Last week I visited a wigwam made by 4th graders, and a tinker toy village, before later visiting a Theory of Knowledge classroom of Upper School students try to stump one another on the topic of Occam's Razor in a review competition. In my dual role as Upper School Head, and PK - 12 Chief Academic officer, I get the pleasure of visiting classrooms across the learning spectrum. The opportunity to see where kids start, and to what heights they grow, and to see it in the same day is a powerful way to develop a picture of a school's curriculum coming to life. As students progress through grade levels and content areas, and mature to more sophisticated concepts, a truism is that levels of student engagement often drop considerably. Crawling in and out of a wigwam can seem like a lot more fun that logarithms, slope, or Puritan literature. It's a good reminder to all of us that some of the principles of elementary education can apply to keeping student engagment levels high at the upper grades.
Blogger Doug Johnson posted recently on maintaining student engagement levels. He created
Everything I Know about Engagement I Learned in Kindergarten:
In kindergarten we get:
1. Show and tell. You got to do something or bring something and then tell others about it. Secondary skill attainment measurement needs to be less about testing and more about show and tell performance-based assessment. Oh, and listening to other students is a lot more involving than listening to the old person in the room.
2. Choices. As a little kid you often got to choose - your library book, your reading buddy, your activity, the subject of your drawing. People tend to choose things that interest them and interesting things are engaging. How often do we let older students choose?
3. Play. Elementary teachers can make a game out of almost anything - and make just about every task feel like play.
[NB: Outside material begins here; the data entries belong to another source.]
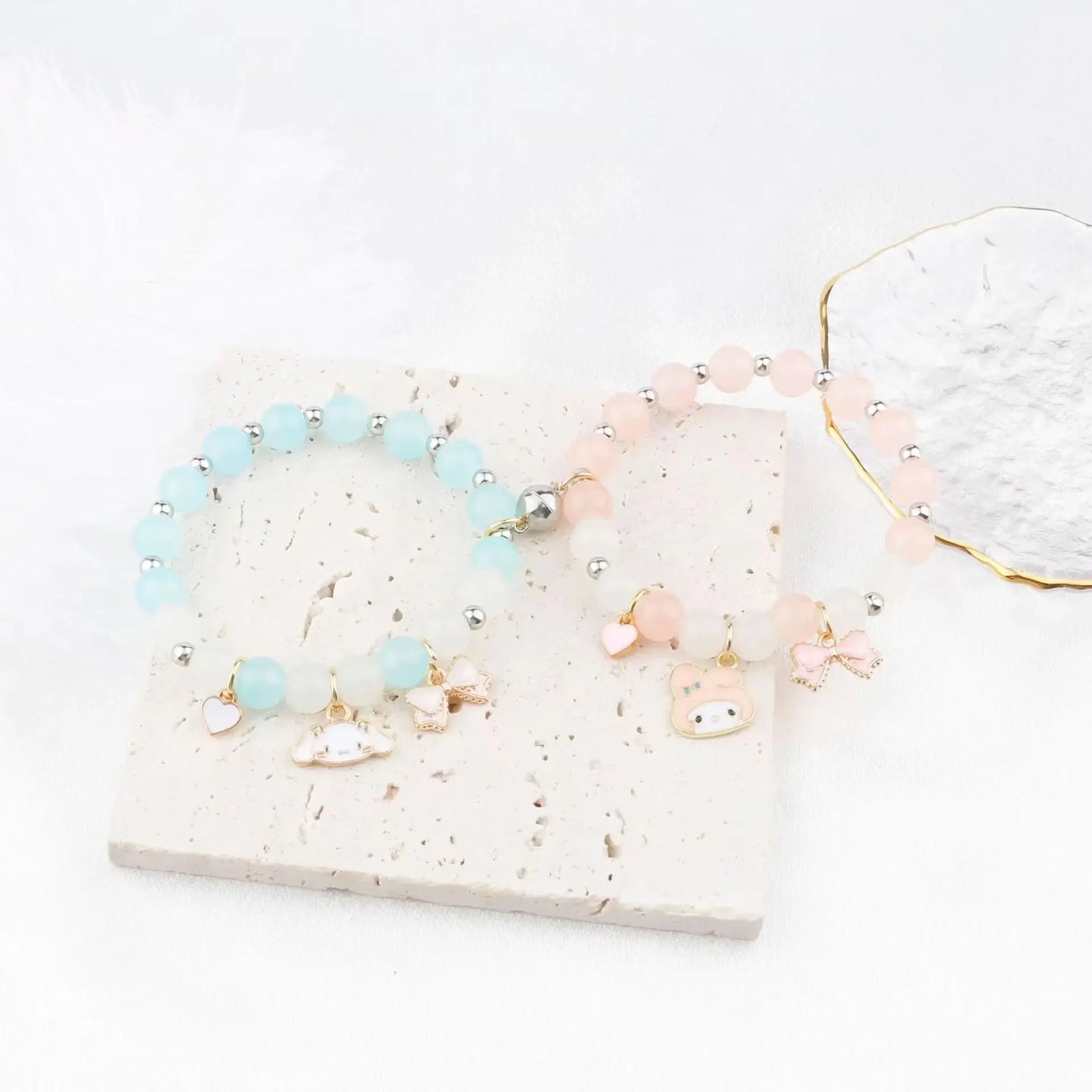 Bracciale di Coppia Magnetico – Perla Attraction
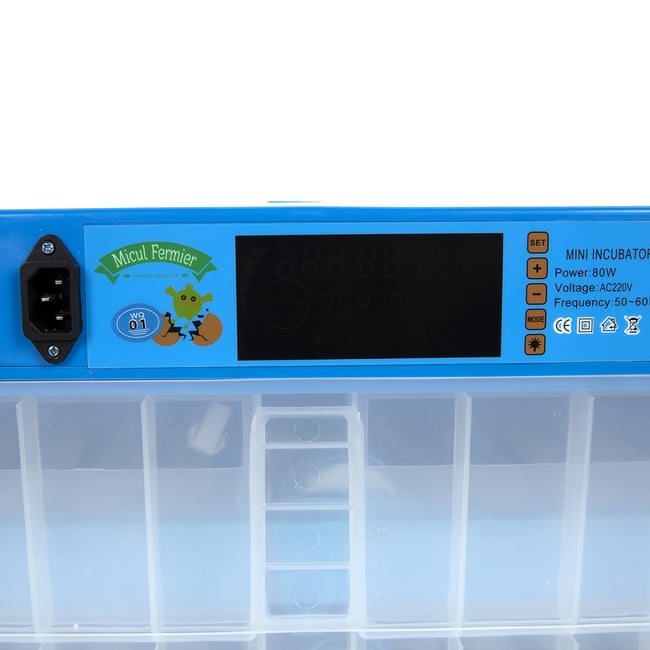 Incubator electric pentru oua, Micul Fermier GF-1509, 2 etaje, 128 oua gaina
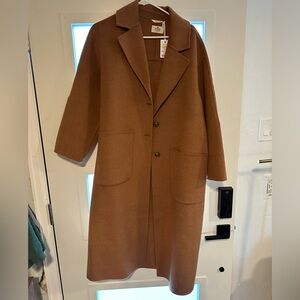 NWT Marine Layer “Colette” oversized long line coat in camel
The older we get, the less we get to play and more we have to work. Just why is that? Gamification is a fancy term for putting play back into the curriculum. Look it up.
4. Naps. Most adolescents I know are tired - and not because they've been up all night texting. (Well, maybe that's part of it.) We've long known that teens do better when school starts later in the morning. Tired people have a tough time staying engaged.
5. To go outside. The best learning takes place in the "real world" not in the classroom. Whether it is studying bugs and leaves in first grade, marching with the band in junior high, or doing service learning as seniors, we all are more interested when it is the real world with which we are dealing.
6. Colors. A blank sheet of construction paper and some crayolas have always let young learners be creative. Creativity is inherently engaging. What's the high school classroom's equivilant to scissors and paste?
7. To do it together. Reading groups. Play groups. Science groups. It's better with other kids. Social learners are engaged learners.
8. Reading for enjoyment. Our elementary teachers and librarians want us to practice reading so much they let us read what we like! Do our secondary teachers want us to write so much, know so much, experiment so much, and solve problems so much that we get to do it for enjoyment?
9. Learning that's important. Nobody needs to convince a little kid that learning to read, to add and subtract, or to know about firemen is important. And that you should pay attention when being taught these things. Calculus, world history, the Romantic poets, the atomic structure of non-metals, not so much. If you can't convince me what you are teaching should be important to me, teach something that is.
10. Care. OK, this should have been the first one. I really believe a lot little kids are engaged because they know someone cares that they are. Yeah, the littles are cute and cuddly and all that, but the gangly, awkward, homely teens need to know adults care too. When someone else is paying attention to you, you pay more attention yourself.
All teachers, at all levels, have a responsibility to develop engaging lessons that make classroom learning relevant. It's a legitimate question for students to ask what relevance content will have to them beyond school. In an engaging classroom that follows the rules of kindergarten, that questions is rarely asked because the answers are obvious. This challenge grows with the sophistication of material, but these rules of kindergarten are great reminders for parents and teachers alike that learning can, and should be, stimulating, engaging, and fun.